I believe every programmer should know some formal proof techniques. It helps with reasoning, and even more importantly, it helps you write correct implementations.

In recent interviews, I found that nearly half of the candidates could not correctly complete a binary search (or, more precisely, one of its variants). Some of these candidates had 3–5 years of work experience, while others were excellent recent graduates in computer science. I was surprised that none of them could give a complete, careful, and comprehensive explanation of the binary search algorithm together with a correct implementation. Although some candidates were able to write the correct algorithm, follow-up questions revealed that they had not fully thought through the boundary cases; they had simply happened to get it right. This made me sigh: every programmer should know some mathematical induction.
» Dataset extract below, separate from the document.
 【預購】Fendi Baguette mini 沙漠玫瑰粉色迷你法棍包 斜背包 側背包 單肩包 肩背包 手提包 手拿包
The problem is described as follows: given a monotonically nondecreasing array, perform a binary search in it to find the position of the first element greater than or equal to a given number (std::lower_bound). This constraint is fairly broad. For example, it does not restrict the number of comparisons in each recursive step, does not require using only less-than-or-equal-to operators, does not consider what to return when the element is not found (when the target position overflows the right boundary), and so on.

For convenience in the discussion that follows, I will explain the meaning of some notation here:

The given target element is denoted as t.
The given array is denoted as arr, and its length is n.
arr[k] is the value at position k in the array.
The contiguous subinterval \([b, e)\) of the array contains the values arr[b], arr[b + 1], …, arr[e - 1]. The position of its middle element is \(m = b + \lfloor (e - b) / 2 \rfloor\).

The method of binary search is to examine the magnitude relationship between the middle element of the target interval and the target element, use that as the basis for dividing the target interval into two parts, and then continue the same steps in one of those parts until the target interval is small enough that the position of the element being searched for can be determined simply. Then use this simple method to determine the final position of the desired element.

Generally speaking, candidates consider three cases:

arr[m] < t: continue searching in the right interval (excluding the middle element), \([m + 1, e)\).
arr[m] = t: continue searching in the left interval (including the middle element), \([b, m + 1)\).
arr[m] > t: continue searching in the left interval (including the middle element), \([b, m + 1)\). The reason for including the middle element is that the given array may contain no element equal to the target element.

If these three cases are considered without any gaps, they can guarantee that the element being searched for is always in the new interval. Denote this property as Safety Property 1.

Most candidates can do this step correctly. However, every candidate I have seen failed to consider one thing: is the new interval smaller than the original interval? In fact, we need to guarantee that the new search interval is always smaller than the original search interval, so that the algorithm can keep making progress. Denote this property as Liveness Property 1.

Together, Safety Property 1 and Liveness Property 1 correspond to the induction step in mathematical induction.

Let \(e = m + 1\). Solving this gives \(e = b + 1\) or \(e = b + 2\), which means the search interval has 1 element or 2 elements. Obviously, \(b = m + 1\) can never hold. Only from this can we determine that when the search interval shrinks to an empty interval or contains only no more than 2 elements, special handling is required. By special handling, I mean handling cases that violate Liveness Property 1. At this point, simply check the elements in the interval one by one. If the element being searched for does not exist, returning either -1 or e is a reasonable choice. This operation guarantees that when the search interval has only 1 or 2 elements, the position of the element being searched for can be returned. Denote this property as Safety Property 2. This property corresponds to the base step in mathematical induction.

There is no need to carry out a formal proof. As long as you think according to the structure of the proof, you can have strong confidence in the program you write.